Die derzeitige Wirtschaftslage wird von drei Vierteln der Luxemburger Bevölkerung als „gut“ eingeschätzt. Besser noch scheint es um die finanzielle Situation der Haushalte zu stehen: Die finden nämlich 86 Prozent der Befragten zufriedenstellend, während im EU-Durchschnitt nur 63 Prozent dies tun. Was allerdings die Zukunftsaussichten für die Wirtschaft des Landes angeht, so sind nur 17 Prozent der Befragten in Luxemburg optimistisch, 28 Prozent dagegen pessimistisch. In Bezug auf die anhaltende Wirtschaftskrise sind über die Hälfte der Befragten in Luxemburg der Meinung, dass „das Schlimmste noch kommen wird“.

Bei den wichtigsten Problemen Luxemburgs liegt, wenig überraschend, die Arbeitslosigkeit an erster Stelle.
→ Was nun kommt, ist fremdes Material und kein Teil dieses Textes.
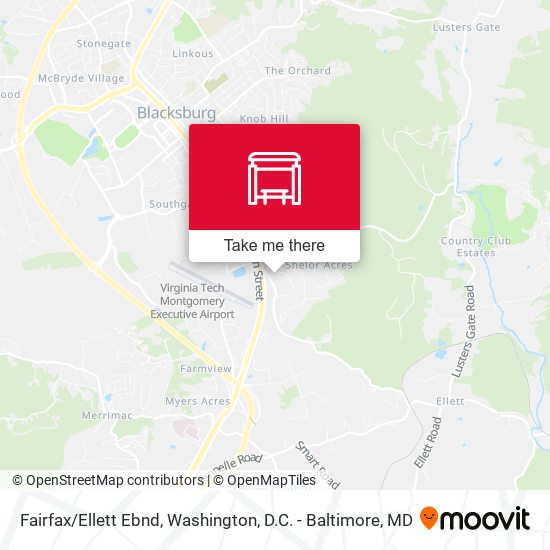 Mapa de Fairfax/Ellett Ebnd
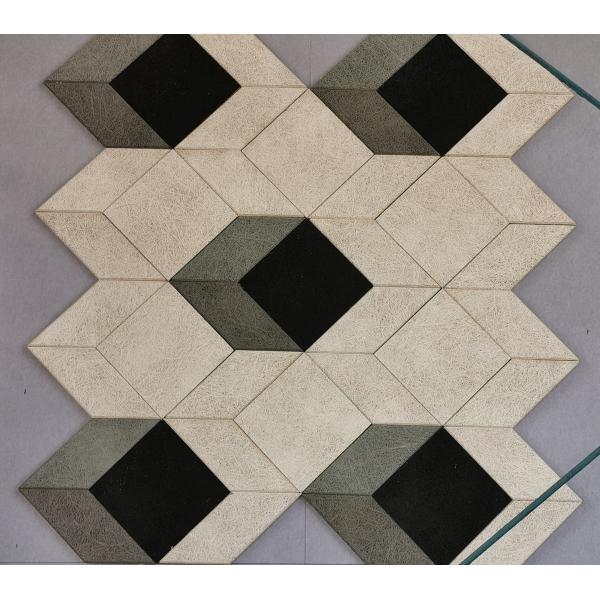 Triangle Dulux Painting Wood Wool Acoustic Panel Office Wall Soundproof tiles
An zweiter Stelle kommt die Wohnraumsituation, die in Luxemburg im Gegensatz zum europäischen Durchschnitt (fünf Prozent) von 38 Prozent der Befragten als Problem angesehen wird. Es folgen die wirtschaftliche Lage (20 Prozent), die Inflation (15 Prozent) und das Schulsystem (13 Prozent). Immerhin 11 Prozent der Befragten aus Luxemburg sehen die „Immigration“ als Problem.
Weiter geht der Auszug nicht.